## THE TASK
Please transcribe exactly, and only, the lines of the data below between the line holding "Aerial view of" and the line holding "Mano che tiene", inclusive.

## DATA FOR PROCESSING
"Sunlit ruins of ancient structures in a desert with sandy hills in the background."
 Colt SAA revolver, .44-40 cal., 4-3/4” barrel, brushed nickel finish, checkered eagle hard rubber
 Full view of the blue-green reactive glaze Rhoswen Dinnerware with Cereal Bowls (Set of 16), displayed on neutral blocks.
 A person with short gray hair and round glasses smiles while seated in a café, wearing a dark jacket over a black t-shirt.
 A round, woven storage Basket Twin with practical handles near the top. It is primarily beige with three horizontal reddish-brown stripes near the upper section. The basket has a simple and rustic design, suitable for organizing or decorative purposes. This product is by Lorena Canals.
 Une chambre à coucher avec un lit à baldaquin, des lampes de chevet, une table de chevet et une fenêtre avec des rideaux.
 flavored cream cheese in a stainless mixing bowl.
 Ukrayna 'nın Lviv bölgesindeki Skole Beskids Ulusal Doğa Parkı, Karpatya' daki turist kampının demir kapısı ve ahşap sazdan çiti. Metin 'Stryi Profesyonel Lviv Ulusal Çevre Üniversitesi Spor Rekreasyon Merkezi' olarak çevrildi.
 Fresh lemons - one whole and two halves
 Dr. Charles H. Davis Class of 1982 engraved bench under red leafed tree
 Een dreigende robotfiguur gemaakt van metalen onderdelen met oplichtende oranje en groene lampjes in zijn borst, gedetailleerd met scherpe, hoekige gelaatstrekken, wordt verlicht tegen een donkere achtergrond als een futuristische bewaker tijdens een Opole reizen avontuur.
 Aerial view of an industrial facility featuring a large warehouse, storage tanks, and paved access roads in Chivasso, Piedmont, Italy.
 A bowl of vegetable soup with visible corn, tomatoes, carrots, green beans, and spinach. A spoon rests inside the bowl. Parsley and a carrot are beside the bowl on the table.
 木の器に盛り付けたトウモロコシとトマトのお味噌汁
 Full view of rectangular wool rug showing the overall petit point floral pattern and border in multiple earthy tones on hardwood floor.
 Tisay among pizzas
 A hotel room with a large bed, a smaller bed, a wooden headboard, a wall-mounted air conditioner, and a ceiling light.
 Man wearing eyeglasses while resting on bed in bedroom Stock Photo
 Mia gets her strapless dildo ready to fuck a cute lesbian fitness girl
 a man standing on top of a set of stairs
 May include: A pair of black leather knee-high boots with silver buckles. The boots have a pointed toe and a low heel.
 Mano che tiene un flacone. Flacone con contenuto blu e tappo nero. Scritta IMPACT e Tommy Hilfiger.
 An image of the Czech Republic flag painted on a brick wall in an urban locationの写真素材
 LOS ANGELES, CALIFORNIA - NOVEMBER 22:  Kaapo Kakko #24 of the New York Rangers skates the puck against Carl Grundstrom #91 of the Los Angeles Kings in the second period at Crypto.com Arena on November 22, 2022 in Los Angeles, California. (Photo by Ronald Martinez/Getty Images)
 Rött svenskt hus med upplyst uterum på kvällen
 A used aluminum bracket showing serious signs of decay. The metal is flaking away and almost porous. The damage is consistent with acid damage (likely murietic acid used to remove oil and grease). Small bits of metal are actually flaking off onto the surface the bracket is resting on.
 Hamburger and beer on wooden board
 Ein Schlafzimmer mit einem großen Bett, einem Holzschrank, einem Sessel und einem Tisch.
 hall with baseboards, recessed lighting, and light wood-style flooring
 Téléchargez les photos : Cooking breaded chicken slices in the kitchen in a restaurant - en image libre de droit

## ANSWER SPACE
 Aerial view of an industrial facility featuring a large warehouse, storage tanks, and paved access roads in Chivasso, Piedmont, Italy.
 A bowl of vegetable soup with visible corn, tomatoes, carrots, green beans, and spinach. A spoon rests inside the bowl. Parsley and a carrot are beside the bowl on the table.
 木の器に盛り付けたトウモロコシとトマトのお味噌汁
 Full view of rectangular wool rug showing the overall petit point floral pattern and border in multiple earthy tones on hardwood floor.
 Tisay among pizzas
 A hotel room with a large bed, a smaller bed, a wooden headboard, a wall-mounted air conditioner, and a ceiling light.
 Man wearing eyeglasses while resting on bed in bedroom Stock Photo
 Mia gets her strapless dildo ready to fuck a cute lesbian fitness girl
 a man standing on top of a set of stairs
 May include: A pair of black leather knee-high boots with silver buckles. The boots have a pointed toe and a low heel.
 Mano che tiene un flacone. Flacone con contenuto blu e tappo nero. Scritta IMPACT e Tommy Hilfiger.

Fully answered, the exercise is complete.